El fervor nacionalista duró poco. La conocida con el grandilocuente nombre de Guerra de África acabó resumida en la fórmula «Guerra grande, paz chiquita». El triunfo no se materializó en las conquistas que todo el mundo esperaba, pero sirvió para mantener a España a flote en el plano internacional. A cambio, las posesiones españolas se vieron hostigadas, prácticamente sin descanso, por las cabilas marroquíes. En 1893 esos enfrentamientos derivaron en la llamada Guerra de Melilla, una escaramuza que le costó la vida al general Juan García-Margallo, bisabuelo del que fuera ministro de Asuntos Exteriores del Partido Popular. En este conflicto también destacó un joven teniente llamado Miguel Primo de Rivera.
Tras el desastre del 98, los territorios en África fueron creciendo en importancia, hasta tal punto que el propio Alfonso XIII intervino directamente en la cuestión, recibiendo por ello el sobrenombre de El Africano. La frontera sur comenzaba a ser una de las obsesiones, en cuanto a seguridad, de los dirigentes españoles, una fobia que se ha mantenido hasta la actualidad.
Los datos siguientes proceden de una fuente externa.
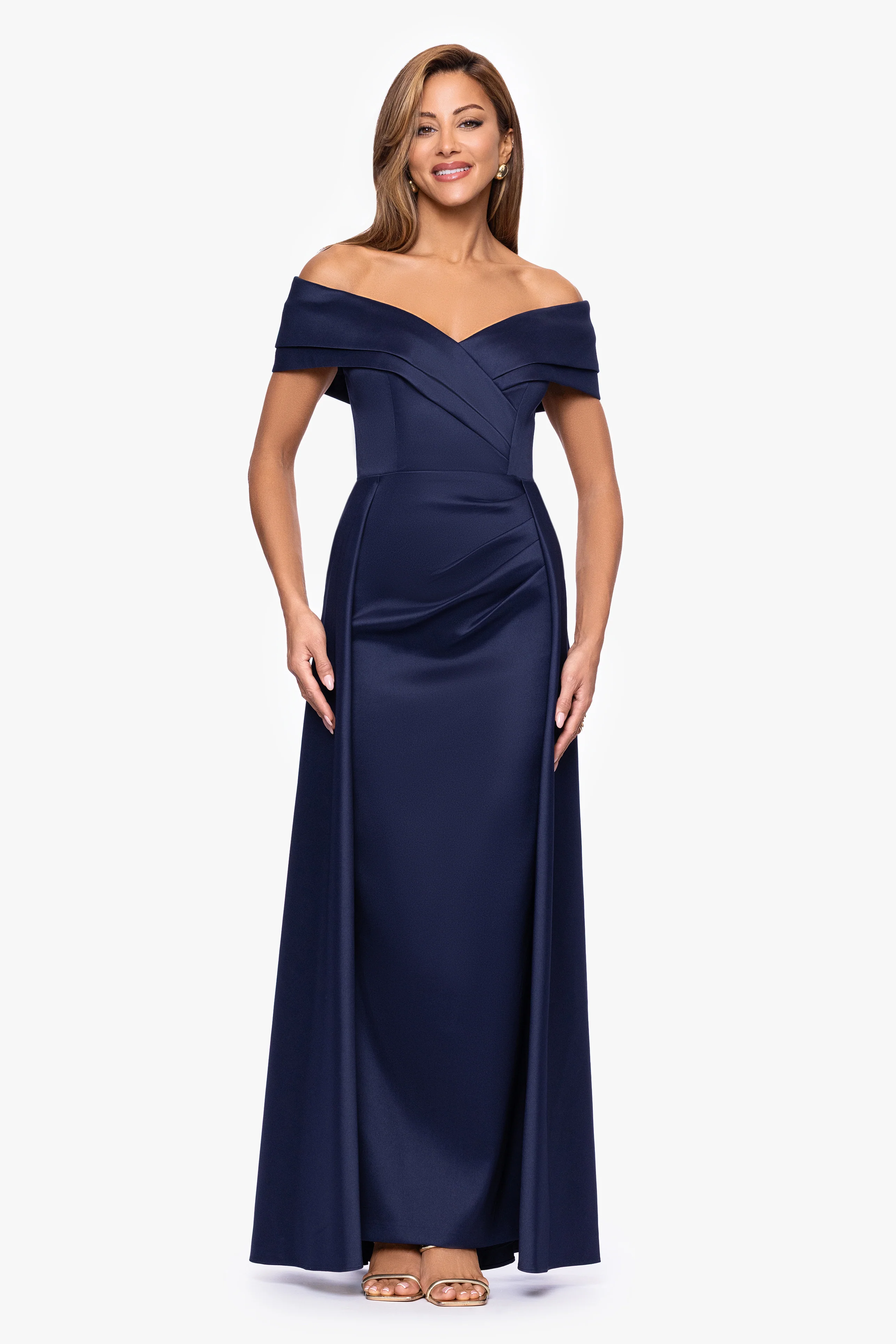 "Tina" Mikado Off the Shoulder Overlay Floor Length Dress - Image 5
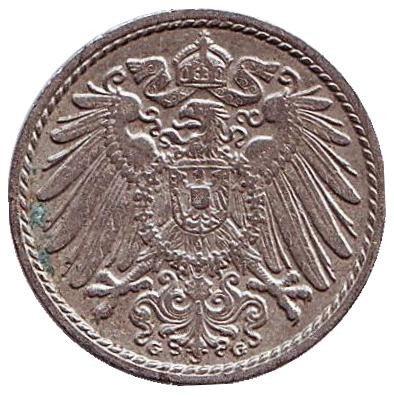 Монета 5 пфеннигов. 1910 год (G), Германская империя.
Miguel Primo de Rivera fue uno de esos militares que pensaban que España debía renunciar a Marruecos

No obstante, a comienzos del siglo XX el interés por controlar parte de Marruecos se hallaba, por un lado, en que otorgaba cierta capacidad negociadora en el plano internacional, como se pudo apreciar en conferencias como la de Algeciras o Fez, donde Francia y España establecieron sus esferas de influencia sobre Marruecos. Por otro, los recursos económicos eran apetecibles para familias españolas bien posicionadas, incluyendo al propio monarca. Sin embargo, las cabilas armadas hacían necesaria la intervención constante del ejército. Desastres como el de 1909 en el barranco del Lobo o el de Annual en 1921, en los que murieron miles de soldados españoles, generaron un creciente malestar entre la población, reacia a seguir combatiendo.
Las tesis abandonistas llegaron incluso al ejército, cada vez más dividido entre africanistas y peninsulares, configurando un escenario peligroso y que se mostrará en toda su crudeza en la Guerra Civil. Miguel Primo de Rivera fue uno de esos militares que pensaban que España debía renunciar a Marruecos, pero su ascenso al poder cambió su perspectiva. En 1925, en una operación conjunta con los franceses en Alhucemas, logró derrotar a los rifeños de Abd el Krim, poniendo fin a unos conflictos enquistados desde tiempo atrás.
Firma del tratado de independencia de Ifni

Firma del tratado de independencia de Ifni

Pese a la pacificación, los contingentes militares destinados seguían siendo numerosos. Allí se curtieron las fuerzas mejor entrenadas y experimentadas, tal y como se demostró en la contienda civil de 1936. Bajo el régimen de Franco, el protectorado no causó graves contratiempos hasta 1956. Ese año, Francia reconoció la independencia de su protectorado en Marruecos y España se vio obligada a hacer lo mismo, retirándose a las plazas de Ceuta y Melilla. Desde entonces, y pese a las relaciones cordiales, empañadas por el conflicto en Ifni hasta 1969, o el del Sáhara, aún vigente, el vecino del sur no deja de preocupar a los gobiernos españoles.